Ryan Marshall: The one thing Truman, that I think I would probably highlight is that our entry-level product tends to be on the higher side of the price – the entry level price band, the locations are excellent. And so I think we have got a well-located product that’s still within the affordable range that appeals to a first-time entry level buyer. And so if our performance exceeds maybe kind of what you are expecting, my guess is on a relative basis, that’s probably some of the strength as we have got excellent locations for those entry-level communities. And then as far as kind of the exit rate for the quarter, that’s not a number that we have quoted. I did highlight though on one of the previous questions, we saw absorption strength progress as we move through the quarter. So, March was our highest sales and the highest absorption rate of the quarter. We have seen strength continue as we have moved into April.
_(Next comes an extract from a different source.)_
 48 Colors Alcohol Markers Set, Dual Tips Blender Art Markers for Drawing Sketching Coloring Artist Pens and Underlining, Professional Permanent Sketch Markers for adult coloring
Truman Patterson: Perfect. Thanks guys. And then can you provide an update on the strategic relationship with Invitation? I am just wondering if that might have been pushed back a little bit in the current environment with higher rates and higher cap rates.
Ryan Marshall: Yes. We are very happy with the relationship that we have with Invitation. And I would probably answer the question more broadly about single-family rental. We have made it a small part of our overall production environment. We are looking at opportunities where we can provide a very, very small number of our total deliveries to the build-for-rent operators, Invitation being a big part of that. So, we are happy with how it’s performing. We talked about it being something in the range once we get to full capacity of about 5% of our annual deliveries. We are still on track as we get this ramped up that that’s about what it will be, and we are pretty comfortable with that.
Truman Patterson: Alright. Thank you.
Operator: We will take our final question from Rafe Jadrosich at Bank of America.
Rafe Jadrosich: Hi. Good morning. Thanks for taking my question. I just wanted to follow-up on some of the comments on the tighter credit. Can you talk about the potential impact to your land developers? Are you seeing any stress out there? And could that have any impact on your ability to option, or would you have to support your partners or take on more lots for yourself?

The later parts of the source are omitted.